■ Task to complete ■
Pictures aside, every line of the listing should be given again exactly.

■ Stored data ■

******

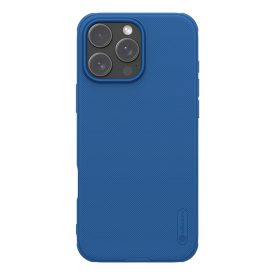 iPhone 16 Pro Tok - Nillkin Super Frosted Shield Pro Magnetic - Kék   iPhone 16 Pro Tok - Nillkin Super Frosted Shield Pro Magnetic - Kék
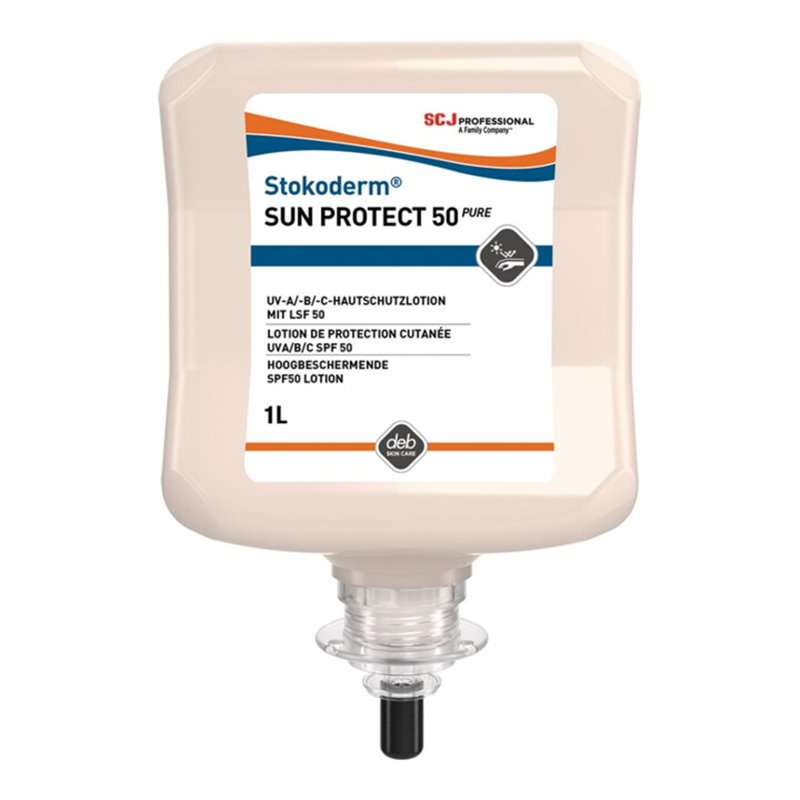 UV-Hautschutzcreme Stokoderm Sun Protect 50 PURE 1l unparfümiert Kartusche Stoko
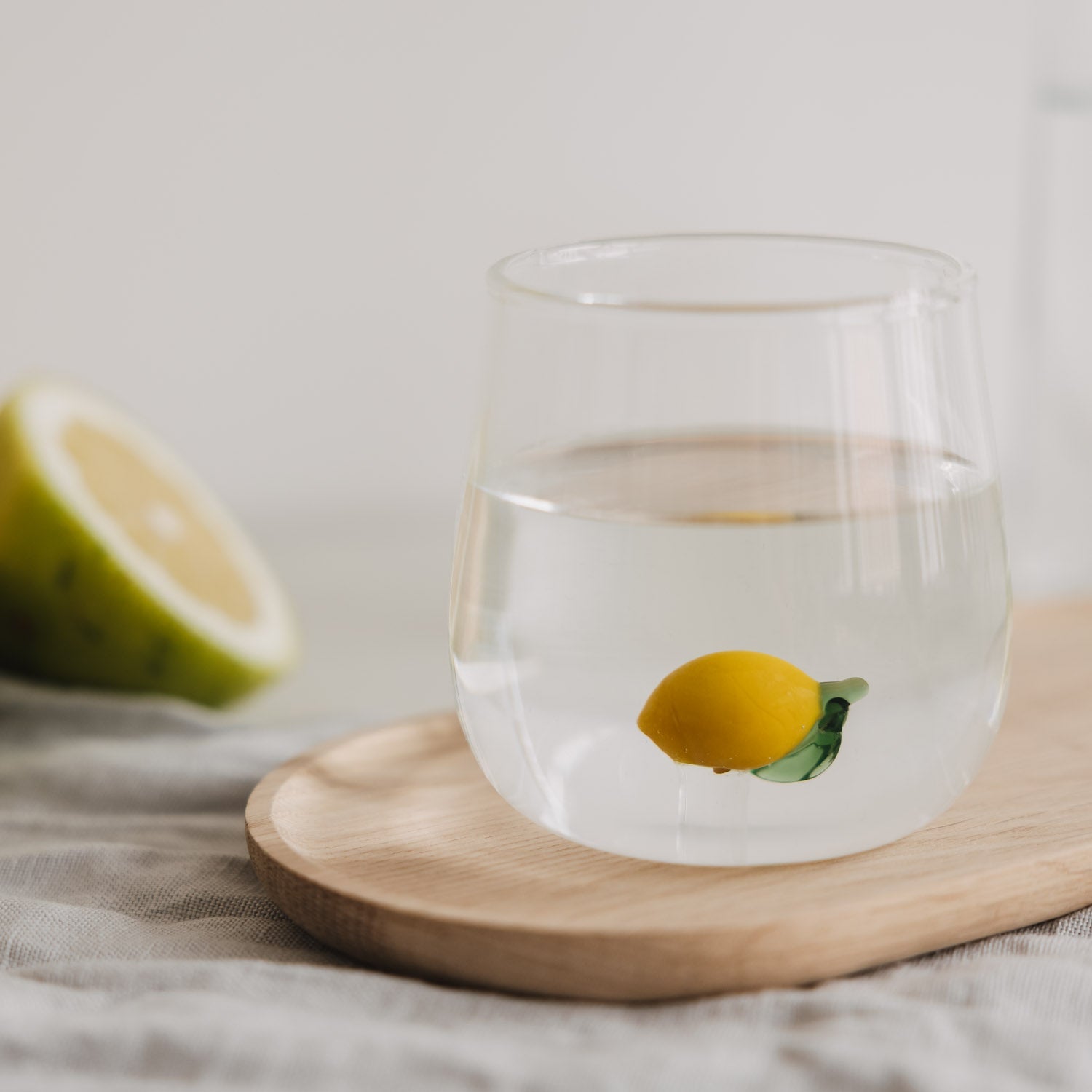 Drinking glass DAISY - owl cut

******

■ Your response ■
 iPhone 16 Pro Tok - Nillkin Super Frosted Shield Pro Magnetic - Kék   iPhone 16 Pro Tok - Nillkin Super Frosted Shield Pro Magnetic - Kék
 UV-Hautschutzcreme Stokoderm Sun Protect 50 PURE 1l unparfümiert Kartusche Stoko
 Drinking glass DAISY - owl cut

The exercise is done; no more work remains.